● How to complete this task
Leaving out pictures, output exactly the lines below from the one that has "I thought it" through the one that has "Welcome to the", and nothing else.

● Given entries
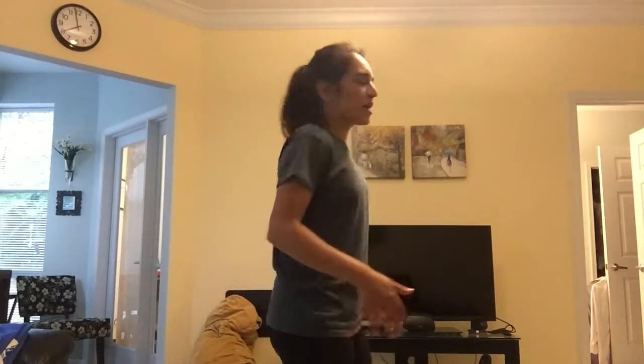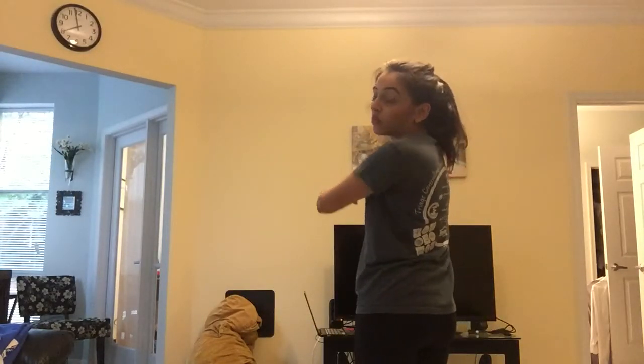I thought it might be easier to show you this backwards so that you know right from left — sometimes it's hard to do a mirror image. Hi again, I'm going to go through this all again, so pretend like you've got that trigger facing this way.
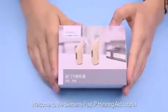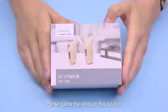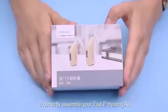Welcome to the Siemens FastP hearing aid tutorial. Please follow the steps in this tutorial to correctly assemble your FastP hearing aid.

* * *

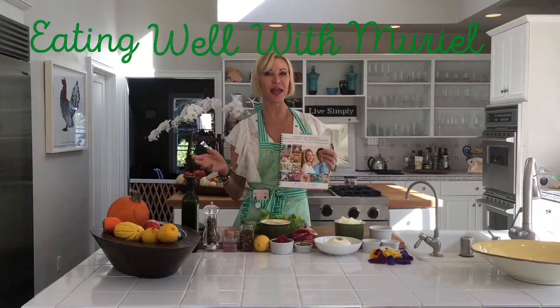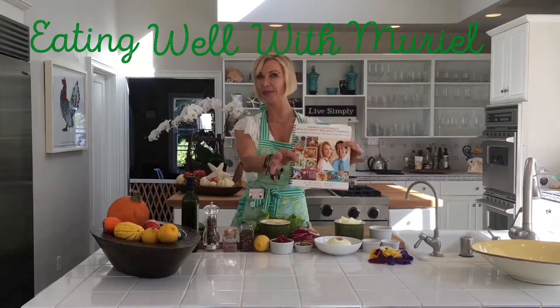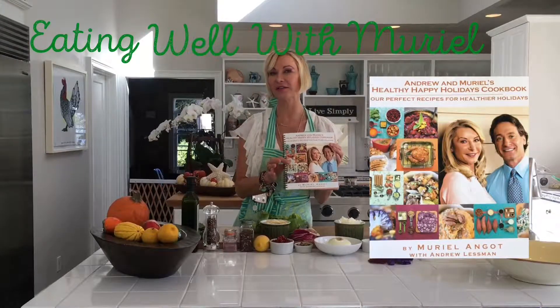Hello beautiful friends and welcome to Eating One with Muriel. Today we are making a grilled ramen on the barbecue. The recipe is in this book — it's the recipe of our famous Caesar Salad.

● Your solution
I thought it might be easier to show you this backwards so that you know right from left — sometimes it's hard to do a mirror image. Hi again, I'm going to go through this all again, so pretend like you've got that trigger facing this way.
Welcome to the Siemens FastP hearing aid tutorial. Please follow the steps in this tutorial to correctly assemble your FastP hearing aid.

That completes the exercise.